Curiosamente, os dois Estados que escalaram mais rapidamente posições no ranking – Bahia e Acre – são governados pelo PT há, pelo menos, mais de um década. O Acre é comandado pelo petista Tião Viana – que não conseguiu eleger seu sucessor no segundo turno. A Bahia, por sua vez, pelo petista Rui Costa, reeleito em primeiro turno pelos eleitores no domingo.
Os Estados da região Sul seguem destaques positivos, apesar da piora. Em Santa Catarina, 1,8% das famílias viviam em situação de miséria.
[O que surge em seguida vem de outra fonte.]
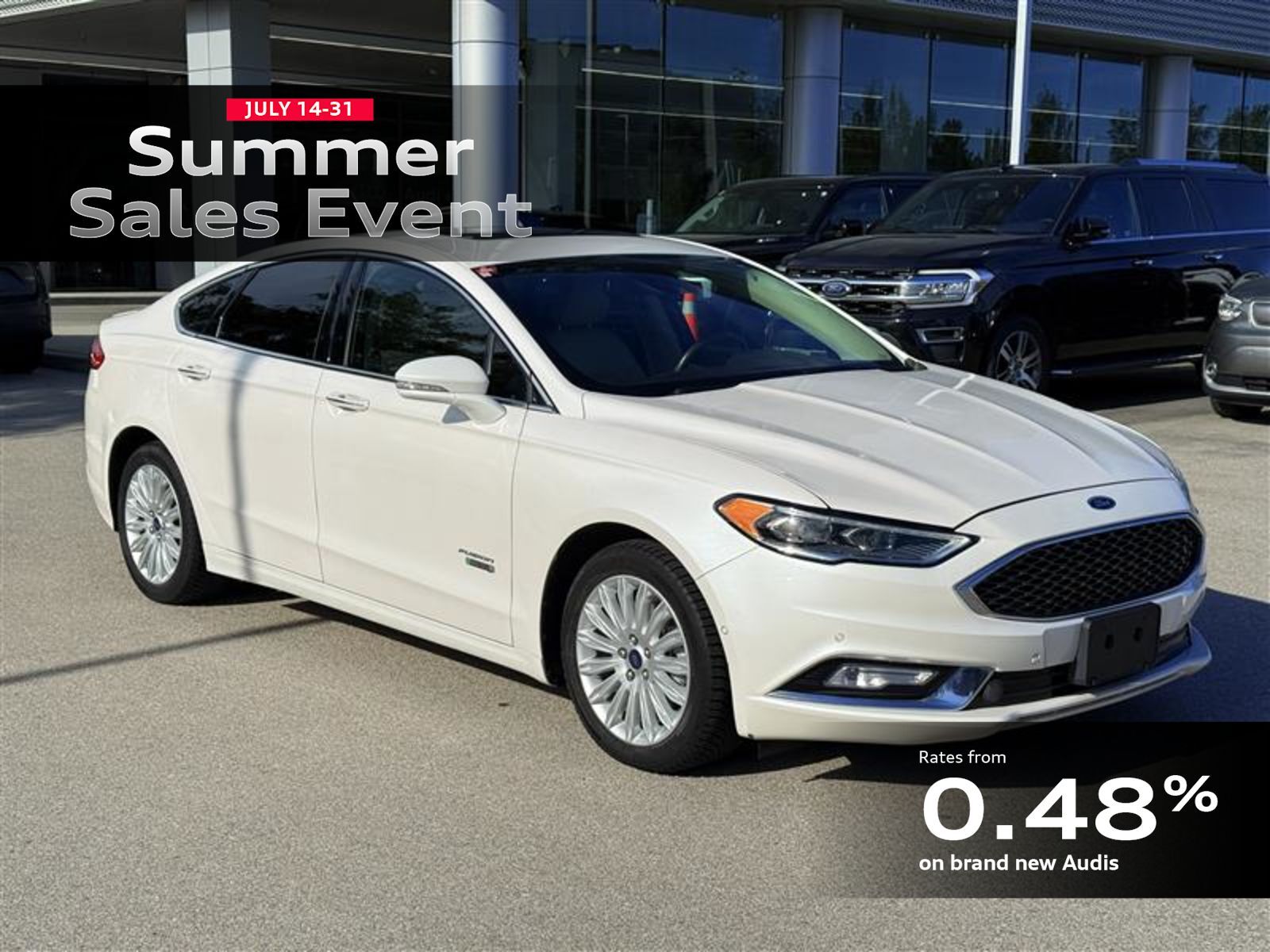 2018 Ford Fusion Energi Titanium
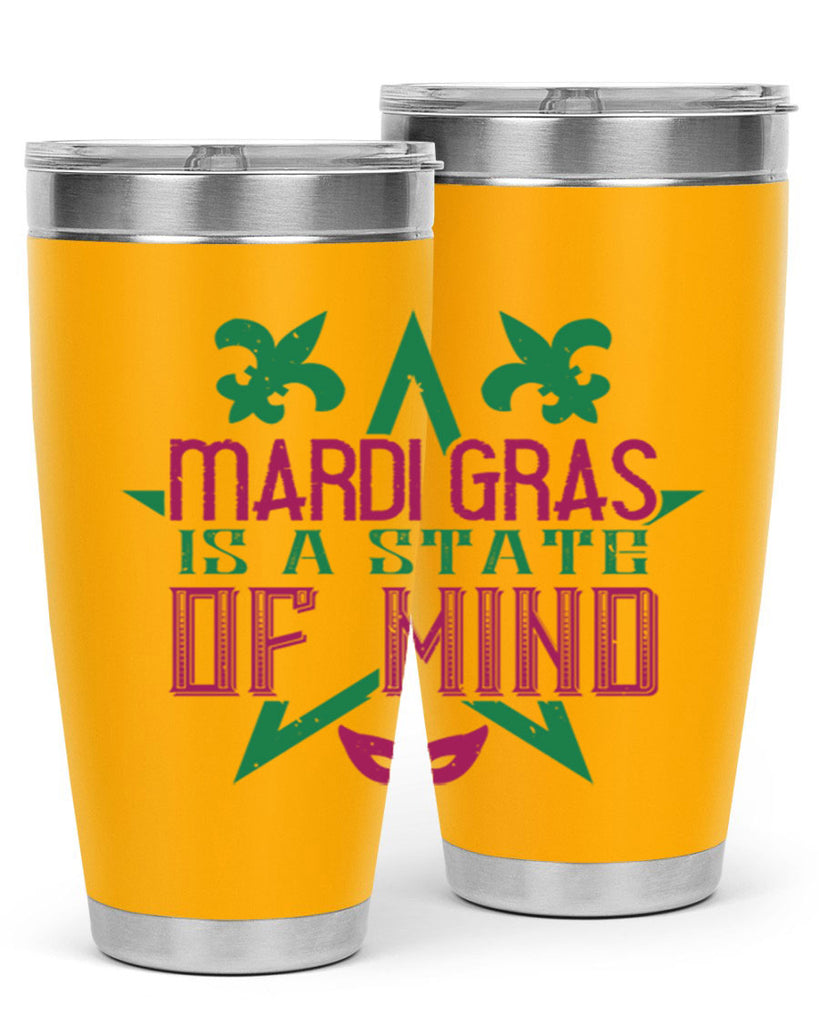 mardi gras is a state of mind 47#- mardi gras- Tumbler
No Paraná, eram 2,5%. Também destaca-se o Distrito Federal, unidade da federação de maior renda domiciliar do país, com 2,4% das famílias em pobreza extrema.
O Estado do Rio estava nesse “piso” do ranking em 2014, quando apenas 1,4% das famílias viviam com menos do que R$ 85 per capita. Desde então, a pobreza extrema mais do que dobrou em território fluminense, chegando a 3,5% em 2017. O Estado do Rio permanece, contudo, com proporção melhor do que a média nacional no período.
O rápido crescimento da miséria no Rio está relacionado ao ciclo de céu e inferno vivido pelo Estados nos últimos anos. Em 2014, a cidade vivia a euforia dos preparativos para grandes eventos esportivos, investimentos ainda massivos da Petrobras e elevada arrecadação de royalties de petróleo. Em 2016, decretou calamidade financeira.
Dois Estados exibiram queda da pobreza extrema de 2014 para 2017: Paraíba (de 6,4% para 5,7%) e Tocantins (de 5,4% para 4,3%). O movimento neste caso pode estar mais ligados a fatores de amostragem.
Para chegar aos percentuais, a consultoria usou estatísticas sobre a renda de todas as fontes (salários, aluguéis, aposentadorias) de pesquisas domiciliares do IBGE, a Pnad e a Pnad Contínua. Por terem amostragem e metodologias diferentes, as pesquisas precisaram ser harmonizadas. Desta forma, a consultoria não obteve quantitativos de famílias.
Para Pitoli, a recuperação do emprego neste ano, ainda que em ritmo lento, pode contribuir para reduzir a proporção de famílias vivendo da pobreza, após três anos de crescimento. Ele prevê um aumento de 1% da população ocupada (empregados, empregadores, contas próprias) neste ano, frente a 2017. Com Valor Econômico.